Of broader interest is the impact Amazon is having on all retailers. So many of them — Sears, JC Penney, Macy’s — are very obviously struggling. This year alone, we’ve seen stories about the death of department stores and other retailers from the Atlantic, Business Insider (citing Warren Buffet as their expert), and Time, among many others. Borders is gone. Radio Shack is gone. And then last week came the word that Toys R Us is filing for bankruptcy. So Barnes & Noble’s struggles are within a context that goes way beyond them and way beyond the book business.
The New York Times did a story last week about one retailer that is apparently thriving in the face of Amazon competition. That would be Best Buy. Coincidentally or presciently, the Times did a story about Best Buy competing effectively with Amazon four years ago!
The current story attributes Best Buy’s success to the obvious tactic of matching Amazon’s prices and to soft factors like being quiet about cutting costs (so as not to panic the employees) and “staying humble”. But the one single operational change Best Buy made to enhance their competitive position actually demonstrates why Amazon has the advantage over them and everybody else. And why that is not likely to change.
The operational change Best Buy made was to use their distributed store inventory to ship online orders received centrally. The Times piece highlights the reduction in delivery time to customers that can be achieved by shipping from one of the 1000 stores that is closer to the purchaser than a warehouse with the same product. In fact, that’s only one of at least three advantages. The most significant is that they are undoubtedly able to fill orders with stock on store shelves that they would have lost completely by not having stock of the same item in a warehouse. The other is a much more efficient, and therefore profitable, use of their inventory. They effectively need less stock to fill more orders.
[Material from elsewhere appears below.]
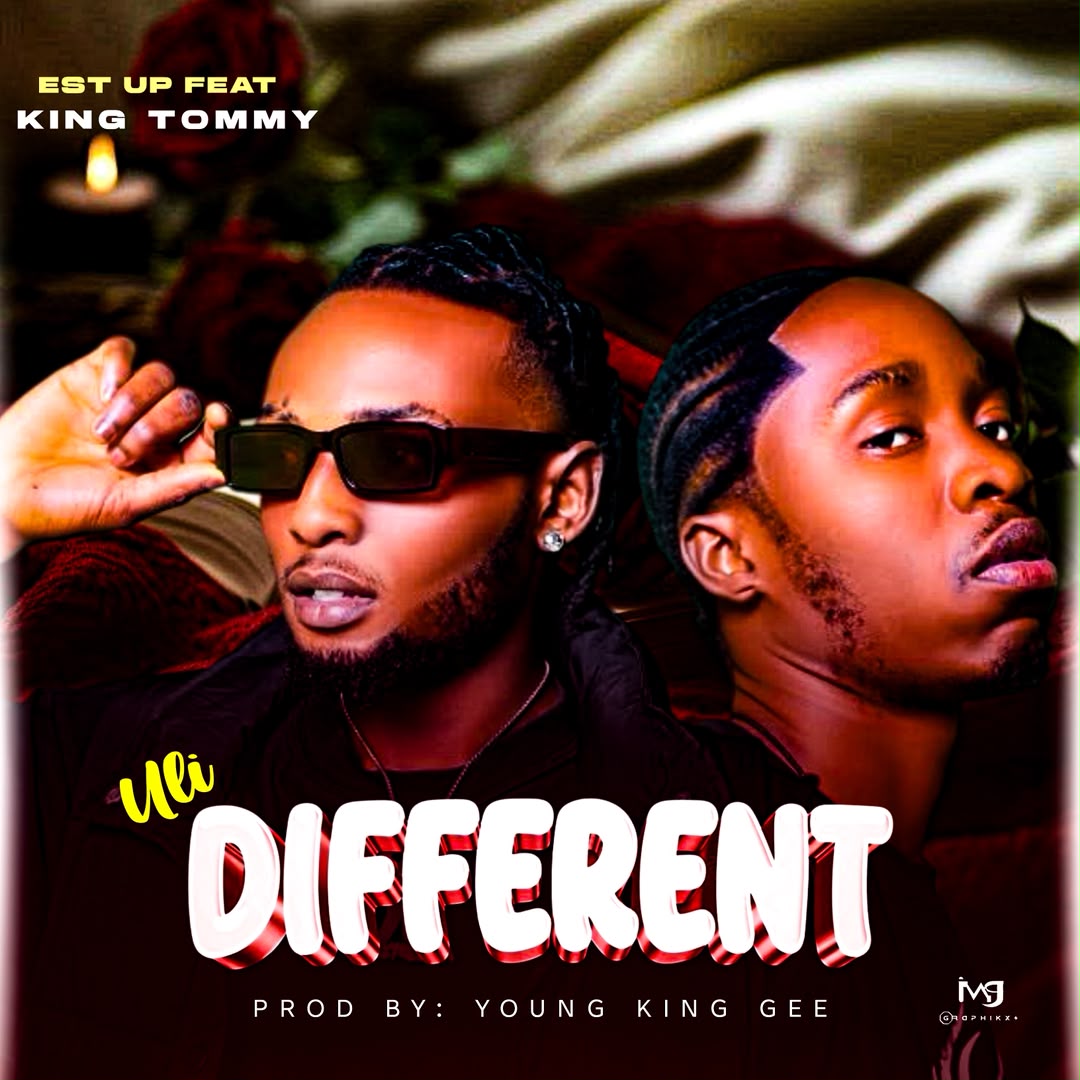 EST UP ft. King Tommy – Uli Different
Of course, all the retailers that have been crippled or gone under started as brick-and-mortar and made some attempt to build an online complement. That’s what Best Buy did. When you come at things from the other direction, having built a robust online business and then going into brick-and-mortar, what Best Buy had to discover and then build (and which their other competitors didn’t) is second nature.
This is the flip side of the massive economic advantage that Amazon has building out its store network at a time when retail space cost is tumbling.
Amazon first built a supply network of warehouses that could quickly deliver just about any product to just about any place in the US. Putting some of those products in locations called “retail” doesn’t really change anything. They already had the systems in place to know where everything was in response to any order.
When Amazon opened their first NYC store a couple of months ago, we observed that their cost of goods was inevitably going to be lower than another retailer because they could simply park inventory that sat on warehouse shelves on store shelves instead. It would still serve the potential online purchaser just as effectively, and it would fill a retail shelf space at the same time.
So Best Buy, first matching Amazon’s pricing, has now managed to engineer a match to one aspect of their inventory optimization. The Times indicates that Best Buy is still playing another important card, their ability to give competitors to Apple and Microsoft — both of are big enough to support their own retailing networks — a physical presence.
Amazon can’t do that. Yet. But the scale of Amazon’s ambitions are not known to anybody but Amazon. Author Brad Stone called them The Everything Store in his book because they sell every product. That has been demonstrated in spades by their recent acquisition of Whole Foods. The question is whether they intend to become The Only Significant Store. If that’s their plan, Best Buy may well run out of room to position themselves with competitive advantage.